§ Task instructions: From the records below, extract only the lines running from the line with "داخل متغير انارة بلادية" to the line with "2025 Ford Bronco Outer Banks 4 Door 4x4", both lines included, reproducing them exactly.

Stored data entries
· · · ·

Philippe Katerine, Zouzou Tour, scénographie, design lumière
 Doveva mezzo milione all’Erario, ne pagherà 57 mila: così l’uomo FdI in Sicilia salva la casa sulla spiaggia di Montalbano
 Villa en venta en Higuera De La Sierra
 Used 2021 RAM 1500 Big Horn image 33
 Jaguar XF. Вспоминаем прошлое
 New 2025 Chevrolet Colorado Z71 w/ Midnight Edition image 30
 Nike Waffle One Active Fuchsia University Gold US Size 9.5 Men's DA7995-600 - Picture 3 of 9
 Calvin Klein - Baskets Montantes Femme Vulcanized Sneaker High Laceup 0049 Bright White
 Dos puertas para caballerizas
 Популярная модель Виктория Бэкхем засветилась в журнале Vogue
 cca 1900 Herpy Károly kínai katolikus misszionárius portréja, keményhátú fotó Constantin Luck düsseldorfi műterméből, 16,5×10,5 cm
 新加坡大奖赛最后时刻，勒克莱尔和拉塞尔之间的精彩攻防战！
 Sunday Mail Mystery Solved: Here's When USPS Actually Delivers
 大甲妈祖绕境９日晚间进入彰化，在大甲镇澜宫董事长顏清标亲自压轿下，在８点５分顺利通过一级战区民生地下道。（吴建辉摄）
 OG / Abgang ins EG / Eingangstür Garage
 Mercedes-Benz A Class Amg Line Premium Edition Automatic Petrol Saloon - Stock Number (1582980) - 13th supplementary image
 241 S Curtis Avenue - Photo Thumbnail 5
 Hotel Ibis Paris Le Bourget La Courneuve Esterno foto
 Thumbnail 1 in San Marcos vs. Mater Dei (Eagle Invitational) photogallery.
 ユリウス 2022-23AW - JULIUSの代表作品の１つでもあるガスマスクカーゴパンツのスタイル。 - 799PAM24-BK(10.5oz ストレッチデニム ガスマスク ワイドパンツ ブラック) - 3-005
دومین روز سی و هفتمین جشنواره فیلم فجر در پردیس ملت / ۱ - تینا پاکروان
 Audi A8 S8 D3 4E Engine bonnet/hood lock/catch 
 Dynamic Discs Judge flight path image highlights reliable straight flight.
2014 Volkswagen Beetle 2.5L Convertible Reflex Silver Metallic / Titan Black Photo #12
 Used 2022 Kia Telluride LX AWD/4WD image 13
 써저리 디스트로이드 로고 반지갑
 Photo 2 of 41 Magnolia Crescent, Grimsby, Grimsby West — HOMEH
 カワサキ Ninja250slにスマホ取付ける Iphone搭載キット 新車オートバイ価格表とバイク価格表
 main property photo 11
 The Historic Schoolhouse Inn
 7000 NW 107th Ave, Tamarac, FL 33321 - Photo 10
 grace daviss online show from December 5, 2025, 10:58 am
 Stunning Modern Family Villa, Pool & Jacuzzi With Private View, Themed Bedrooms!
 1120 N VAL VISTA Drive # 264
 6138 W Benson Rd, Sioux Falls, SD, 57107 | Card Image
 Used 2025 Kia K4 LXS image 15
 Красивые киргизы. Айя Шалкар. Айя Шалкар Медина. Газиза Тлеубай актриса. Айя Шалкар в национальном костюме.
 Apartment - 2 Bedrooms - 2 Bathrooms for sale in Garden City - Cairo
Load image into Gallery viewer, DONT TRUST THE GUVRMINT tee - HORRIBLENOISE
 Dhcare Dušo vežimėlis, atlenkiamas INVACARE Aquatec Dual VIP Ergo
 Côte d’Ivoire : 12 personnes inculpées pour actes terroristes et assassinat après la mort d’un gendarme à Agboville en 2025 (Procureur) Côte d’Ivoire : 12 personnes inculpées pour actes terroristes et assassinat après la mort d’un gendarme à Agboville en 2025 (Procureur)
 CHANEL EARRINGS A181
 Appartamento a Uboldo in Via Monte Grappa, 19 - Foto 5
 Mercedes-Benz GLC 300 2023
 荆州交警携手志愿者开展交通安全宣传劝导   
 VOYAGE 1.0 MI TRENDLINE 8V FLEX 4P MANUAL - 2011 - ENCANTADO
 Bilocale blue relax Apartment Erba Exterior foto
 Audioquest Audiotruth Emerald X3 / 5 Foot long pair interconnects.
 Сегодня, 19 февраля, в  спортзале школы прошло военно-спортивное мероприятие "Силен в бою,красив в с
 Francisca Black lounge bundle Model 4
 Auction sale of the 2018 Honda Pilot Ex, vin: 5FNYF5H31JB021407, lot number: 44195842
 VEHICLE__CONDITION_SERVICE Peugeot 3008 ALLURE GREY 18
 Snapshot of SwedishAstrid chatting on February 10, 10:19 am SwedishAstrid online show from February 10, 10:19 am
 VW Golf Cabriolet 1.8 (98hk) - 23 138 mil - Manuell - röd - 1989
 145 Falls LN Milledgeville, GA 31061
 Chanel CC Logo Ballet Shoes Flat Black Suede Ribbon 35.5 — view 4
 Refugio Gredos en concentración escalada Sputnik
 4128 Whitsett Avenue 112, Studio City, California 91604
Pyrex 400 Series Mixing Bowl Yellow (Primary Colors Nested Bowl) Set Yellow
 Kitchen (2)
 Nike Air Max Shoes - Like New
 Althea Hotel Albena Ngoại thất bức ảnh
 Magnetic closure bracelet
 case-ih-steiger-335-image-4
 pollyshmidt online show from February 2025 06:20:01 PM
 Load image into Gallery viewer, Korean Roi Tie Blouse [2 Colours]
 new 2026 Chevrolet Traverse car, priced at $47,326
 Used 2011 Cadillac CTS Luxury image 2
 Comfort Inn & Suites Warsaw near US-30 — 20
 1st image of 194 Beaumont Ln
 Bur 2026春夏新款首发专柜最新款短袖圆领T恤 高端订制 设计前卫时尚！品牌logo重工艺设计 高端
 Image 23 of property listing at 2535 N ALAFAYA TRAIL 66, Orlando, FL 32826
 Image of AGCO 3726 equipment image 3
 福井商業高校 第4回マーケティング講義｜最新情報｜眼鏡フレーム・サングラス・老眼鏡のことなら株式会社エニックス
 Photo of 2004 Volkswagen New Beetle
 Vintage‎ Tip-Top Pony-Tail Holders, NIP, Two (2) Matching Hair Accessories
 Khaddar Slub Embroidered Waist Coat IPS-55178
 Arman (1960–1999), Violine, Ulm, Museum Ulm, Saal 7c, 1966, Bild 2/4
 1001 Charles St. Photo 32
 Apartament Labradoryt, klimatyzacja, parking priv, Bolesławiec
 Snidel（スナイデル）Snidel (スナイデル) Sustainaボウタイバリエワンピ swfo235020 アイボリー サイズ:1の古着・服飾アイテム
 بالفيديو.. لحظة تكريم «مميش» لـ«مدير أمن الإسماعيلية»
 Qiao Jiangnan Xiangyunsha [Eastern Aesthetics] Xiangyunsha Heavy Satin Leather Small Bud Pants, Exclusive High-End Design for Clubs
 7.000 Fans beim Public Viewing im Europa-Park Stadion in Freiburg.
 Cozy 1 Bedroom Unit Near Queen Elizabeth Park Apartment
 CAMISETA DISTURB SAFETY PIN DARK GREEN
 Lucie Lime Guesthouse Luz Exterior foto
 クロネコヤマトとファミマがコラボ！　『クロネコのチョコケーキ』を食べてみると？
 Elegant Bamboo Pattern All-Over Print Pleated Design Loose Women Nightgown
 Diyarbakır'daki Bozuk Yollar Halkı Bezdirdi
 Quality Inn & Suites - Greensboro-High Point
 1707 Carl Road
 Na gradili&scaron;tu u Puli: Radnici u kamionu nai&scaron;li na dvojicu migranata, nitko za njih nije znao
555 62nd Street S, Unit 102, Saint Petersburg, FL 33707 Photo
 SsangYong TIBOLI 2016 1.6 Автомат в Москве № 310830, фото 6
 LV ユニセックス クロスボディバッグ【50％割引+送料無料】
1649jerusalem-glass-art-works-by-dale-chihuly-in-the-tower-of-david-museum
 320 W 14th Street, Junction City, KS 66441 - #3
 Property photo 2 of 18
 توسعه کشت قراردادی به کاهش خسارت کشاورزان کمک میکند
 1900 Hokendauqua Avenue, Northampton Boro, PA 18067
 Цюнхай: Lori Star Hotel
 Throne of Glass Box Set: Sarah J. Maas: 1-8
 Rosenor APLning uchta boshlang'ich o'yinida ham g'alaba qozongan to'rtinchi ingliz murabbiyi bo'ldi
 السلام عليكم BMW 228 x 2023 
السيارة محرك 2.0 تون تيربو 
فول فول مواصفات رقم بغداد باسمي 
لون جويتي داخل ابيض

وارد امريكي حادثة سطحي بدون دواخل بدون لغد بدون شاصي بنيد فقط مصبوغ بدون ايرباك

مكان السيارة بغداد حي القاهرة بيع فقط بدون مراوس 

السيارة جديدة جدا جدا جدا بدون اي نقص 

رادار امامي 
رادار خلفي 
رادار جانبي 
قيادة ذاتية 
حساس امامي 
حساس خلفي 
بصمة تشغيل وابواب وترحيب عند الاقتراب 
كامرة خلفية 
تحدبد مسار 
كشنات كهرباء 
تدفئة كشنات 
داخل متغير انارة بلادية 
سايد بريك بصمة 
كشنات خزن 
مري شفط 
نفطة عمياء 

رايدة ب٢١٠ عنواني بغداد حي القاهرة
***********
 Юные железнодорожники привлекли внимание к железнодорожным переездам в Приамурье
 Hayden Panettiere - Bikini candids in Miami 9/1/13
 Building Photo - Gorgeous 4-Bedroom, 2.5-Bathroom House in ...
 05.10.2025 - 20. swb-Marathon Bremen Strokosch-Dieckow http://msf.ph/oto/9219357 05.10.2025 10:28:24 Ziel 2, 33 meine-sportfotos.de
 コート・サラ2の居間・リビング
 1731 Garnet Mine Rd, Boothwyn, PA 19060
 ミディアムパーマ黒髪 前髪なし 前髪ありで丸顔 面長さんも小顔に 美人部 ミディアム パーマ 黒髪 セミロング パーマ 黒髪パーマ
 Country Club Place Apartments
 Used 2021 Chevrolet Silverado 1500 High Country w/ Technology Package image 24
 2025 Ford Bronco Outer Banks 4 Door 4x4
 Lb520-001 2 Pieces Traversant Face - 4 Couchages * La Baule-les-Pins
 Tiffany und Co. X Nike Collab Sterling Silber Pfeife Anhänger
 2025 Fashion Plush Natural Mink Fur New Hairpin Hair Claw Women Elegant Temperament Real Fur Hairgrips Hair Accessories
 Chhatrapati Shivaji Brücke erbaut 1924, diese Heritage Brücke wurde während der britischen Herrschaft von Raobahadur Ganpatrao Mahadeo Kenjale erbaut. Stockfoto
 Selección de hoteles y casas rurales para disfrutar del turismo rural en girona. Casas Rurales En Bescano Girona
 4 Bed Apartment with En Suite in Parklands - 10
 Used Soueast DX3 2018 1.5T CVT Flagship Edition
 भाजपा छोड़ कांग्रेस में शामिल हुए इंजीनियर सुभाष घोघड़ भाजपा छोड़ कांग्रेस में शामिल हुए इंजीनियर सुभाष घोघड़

· · · ·

§ Response box:
داخل متغير انارة بلادية 
سايد بريك بصمة 
كشنات خزن 
مري شفط 
نفطة عمياء 

رايدة ب٢١٠ عنواني بغداد حي القاهرة
***********
 Юные железнодорожники привлекли внимание к железнодорожным переездам в Приамурье
 Hayden Panettiere - Bikini candids in Miami 9/1/13
 Building Photo - Gorgeous 4-Bedroom, 2.5-Bathroom House in ...
 05.10.2025 - 20. swb-Marathon Bremen Strokosch-Dieckow http://msf.ph/oto/9219357 05.10.2025 10:28:24 Ziel 2, 33 meine-sportfotos.de
 コート・サラ2の居間・リビング
 1731 Garnet Mine Rd, Boothwyn, PA 19060
 ミディアムパーマ黒髪 前髪なし 前髪ありで丸顔 面長さんも小顔に 美人部 ミディアム パーマ 黒髪 セミロング パーマ 黒髪パーマ
 Country Club Place Apartments
 Used 2021 Chevrolet Silverado 1500 High Country w/ Technology Package image 24
 2025 Ford Bronco Outer Banks 4 Door 4x4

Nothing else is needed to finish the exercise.